- Venue: Cesana San Sicario
- Dates: 23 February 2006
- Competitors: 72 from 18 nations
- Winning time: 1:16:12.5

Medalists
- 1st place, gold medalist(s):  / Anna Bogaliy Svetlana Ishmouratova Olga Zaitseva Albina Akhatova / Russia
- 2nd place, silver medalist(s):  / Martina Glagow Andrea Henkel Katrin Apel Kati Wilhelm / Germany
- 3rd place, bronze medalist(s):  / Delphyne Peretto Florence Baverel-Robert Sylvie Becaert Sandrine Bailly / France

= Biathlon at the 2006 Winter Olympics – Women's relay =

The Women's 4 × 6 kilometre biathlon relay competition at the 2006 Winter Olympics in Turin, Italy was held on 23 February, at Cesana San Sicario. Each national team consisted of four members, with each skiing 6 kilometres and shooting twice, once prone and once standing.

==Summary==
At each shooting station, a competitor has eight shots to hit five targets; however, only five bullets are loaded in a magazine at one - if additional shots are required, the spare bullets must be loaded one at a time.
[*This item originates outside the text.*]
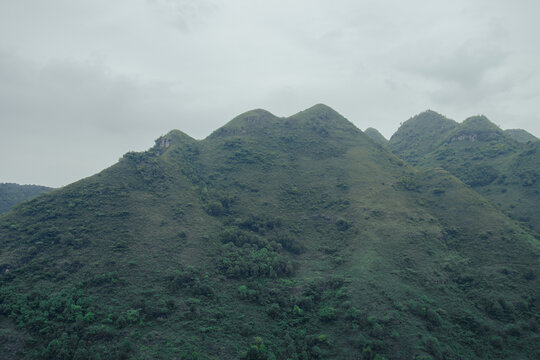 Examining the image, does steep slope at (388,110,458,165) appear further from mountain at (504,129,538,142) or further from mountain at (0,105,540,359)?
mountain at (0,105,540,359)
If after the eight shots are taken, there are still targets not yet hit, the competitor must ski a 150-metre penalty loop.

Germany won the relay event at the 2002 Winter Olympics, while Russia's women were the defending World Champions after beating Germany by 41.4 seconds at the 2005 World Championship; Russia also led the World Cup standings after four relay events.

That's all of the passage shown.